Peter Taps wrote:
Now, from a Windows machine, I create a file from account User1. When I log 
back in as User2, I could not access the file. This behavior is as expected. 
The file had ownership/full control only by User1.

It appears I can have Windows users and groups just the way I want and set up 
access permissions from Windows file properties dialog box just the way I want. 
I don't need to touch the backend OpenSolaris box at all.

Yes.

So what exactly is "idmap" for? Things seems to work just as expected without 
doing anything with idmap.
idmap is for when you want to have a UNIX user and a Windows user be considered equivalent.

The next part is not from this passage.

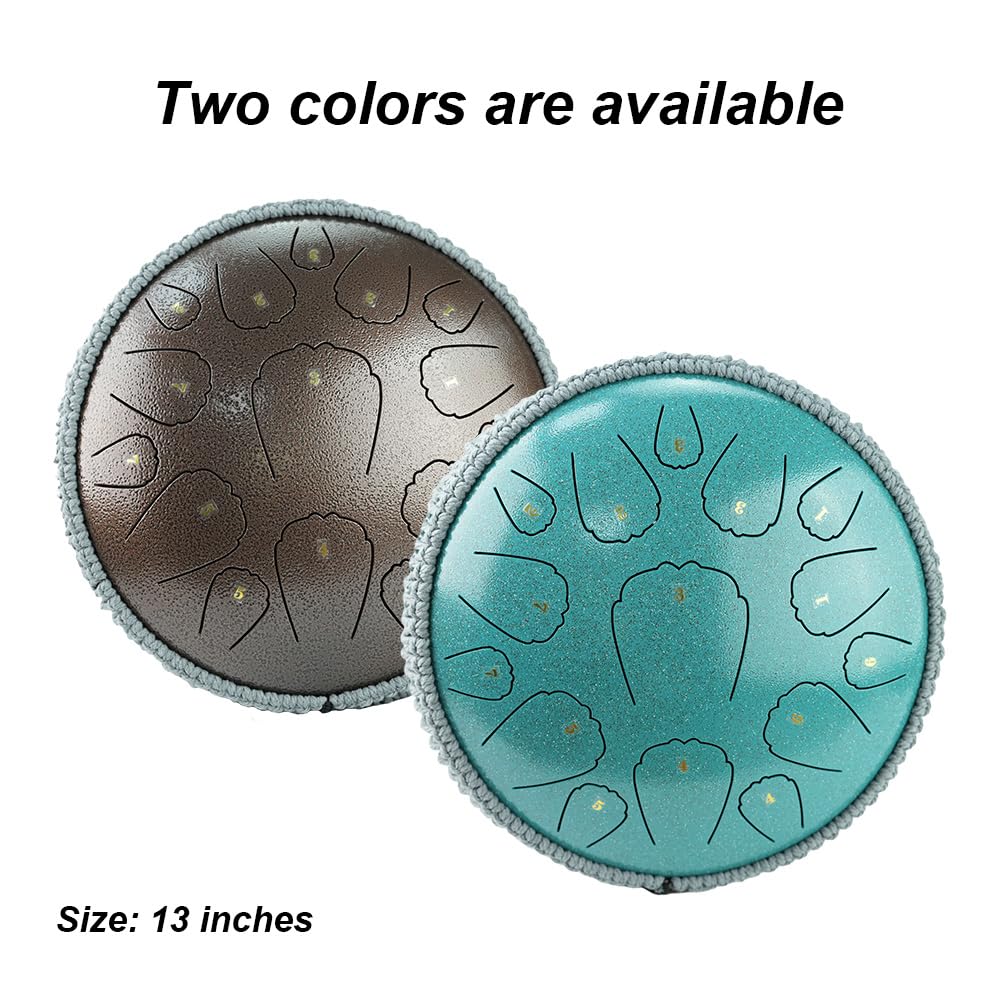 Steel Tongue Drum,13 Inch 15 Notes D Key HandPan Tank Drum Percussion Instrument for Meditation Entertainment (13inch)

In your experiment above, indeed the files are owned by user1 and have access control entries granting access to user1. From a Windows perspective, everything is easy and simple. However, from a UNIX perspective it is not so simple. Those files are owned by the Windows users, who will present to UNIX as magic very large user IDs. They aren't owned by any normal UNIX user.

Suppose you have a Windows/AD user petert...@example.com, and you have a UNIX user ptaps. Since both of those are the same actual human being, you would really like to be able to approach your data from either platform and have the results be the same - the ownership be the same, and access rights be the same. Idmap exists to equate those two users.

The simplest way to use it would be to set up a rule like
   # idmap add winname:petert...@example.com unixuser:ptaps

After that, anything you do from Windows is done as the UNIX user ptaps. Files will be owned by ptaps, ACLs will list ptaps in them, and access checks will be done for ptaps. Files owned by ptaps (and ACL entries and so on) will be presented back to Windows as petert...@example.com.

There are several other ways to set up mappings, both for specialty environments and with the mapping information represented in various ways. You can have wild-card rules, for environments where names are the same in UNIX and Windows. You can store the mapping information in Active Directory, or in your UNIX LDAP service.

Does that help to explain what it's for?